• EXCERPTED RECORDS
======
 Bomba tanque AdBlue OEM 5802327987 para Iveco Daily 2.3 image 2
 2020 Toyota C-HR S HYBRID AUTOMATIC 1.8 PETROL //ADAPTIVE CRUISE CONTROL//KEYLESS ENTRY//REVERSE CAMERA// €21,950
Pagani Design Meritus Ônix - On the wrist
======
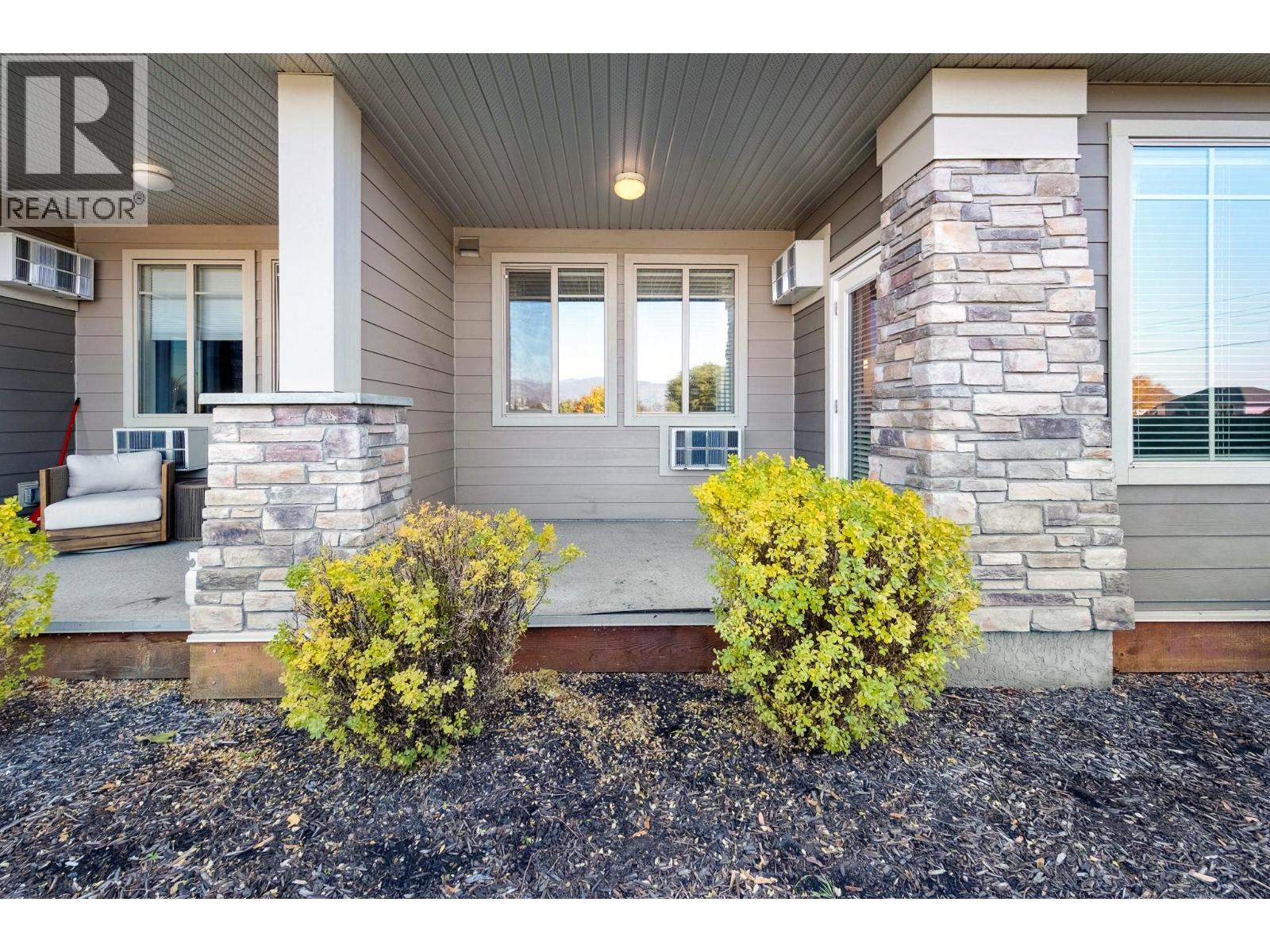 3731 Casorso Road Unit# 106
======
• ABOUT THIS TASK
Given the records above, return exactly the lines starting at the line containing "Bomba tanque AdBlue" and ending at the line containing "Pagani Design Meritus Ônix - On the wrist", including both.

• ANSWER TO THIS PROBLEM
 Bomba tanque AdBlue OEM 5802327987 para Iveco Daily 2.3 image 2
 2020 Toyota C-HR S HYBRID AUTOMATIC 1.8 PETROL //ADAPTIVE CRUISE CONTROL//KEYLESS ENTRY//REVERSE CAMERA// €21,950
Pagani Design Meritus Ônix - On the wrist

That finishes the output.